As we've said many times before, DRM is not about preventing piracy, it's about giving entertainment companies control over disruptive innovation. Here's the latest example: tomorrow DVD-CCA (the entity that controls the CSS encryption standard for DVDs) will be voting on an amendment to the CSS license that is designed to put a disruptive innovator, Kaleidescape, out of business (read Kaleidescape's letter about it here).

As everyone knows, CSS has been broken for years, and despite early lawsuits against products like DeCSS and DVD X Copy, easy-to-use DVD copying software remains available for free from many sources online (the print magazine MacWorld reviews one of them, Handbrake, in this month's issue). Yet despite the fact that CSS has been reduced to a joke as a bar against DVD ripping, movie studios continue to embrace it, using it on every commercial DVD release. Why? Because by using CSS, the movie studios (acting through DVD-CCA) can force technology companies to sign a license agreement before they build anything that can decrypt a DVD movie.

This gives the movie studios unprecedented power to influence the pace and nature of innovation in the world of DVDs. Any new feature (like copying to a hard drive) must first pass muster in the 3-way "inter-industry" negotiation (movie studios, incumbent consumer electronic companies, and big computer companies) that is DVD-CCA. In other words, you must get permission (from your adversaries and competitors!) before you innovate. If these had been the rules in the past, there would never have been a Betamax or an iPod.

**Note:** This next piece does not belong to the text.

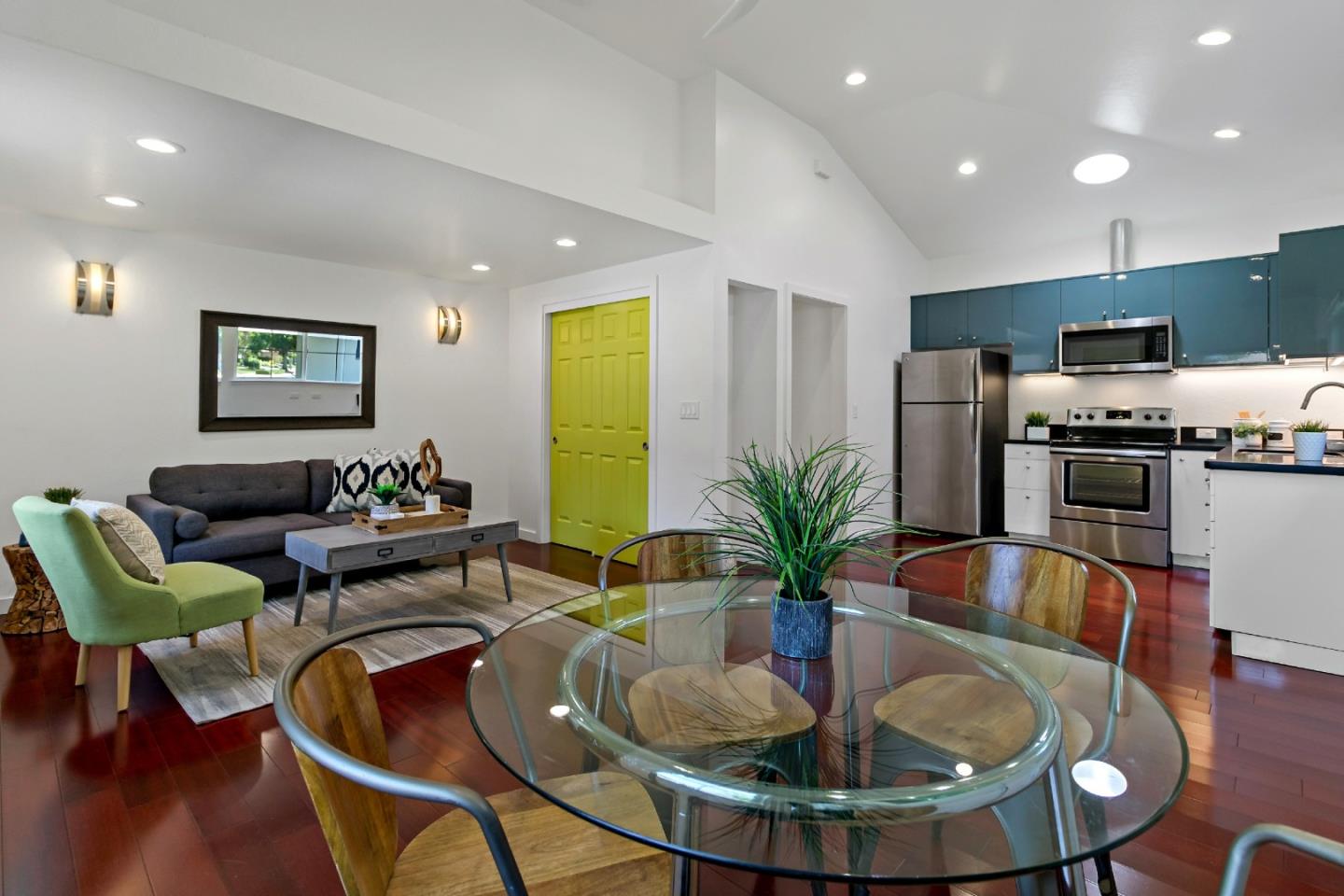 1502 Petersen Avenue San Jose, CA 95129 - Photo 39 of 56 a living room with stainless steel appliances furniture dining table and wooden floor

So this brings us back to Kaleidescape, which makes a highly-acclaimed digital "jukebox" for DVD movies. It's expensive (~$20,000), and certainly won't move the needle when it comes to unauthorized DVD ripping in a world that already has plenty of free DVD ripper software. Kaleidescape played by the rules, obtaining a DVD-CCA license to use CSS. Yet DVD-CCA sued anyway, but lost (the judge concluded that the CSS license was so convoluted that the "no persistent copies" requirement wasn't even part of the agreement).

Now three motion picture companies (Fox, Warner, Disney) have introduced an amendment that would change the CSS license to put Kaleidescape out of business. Cloaked as an amendment to permit "Managed Copies," it tells innovators "sure, you can add a copying feature, but only if you do it our way." But (always read the fine print), movie studios are not obligated to "enable" Managed Copying on any of their movies. So the only sure thing that the amendments will accomplish is to exclude Kaleidescape from the CSS license.

And that's the lesson for today: it doesn't matter whether DRM is effective at stopping unauthorized copying (it's not), so long as it gives the entertainment industry the ability to veto (retroactively, in Kaleidescape's case) disruptive innovation in the mainstream marketplace. And that's why we're likely to be stuck with DRM on movies for some time to come, whether or not their DRM systems (CSS, AACS, or BD+) are broken.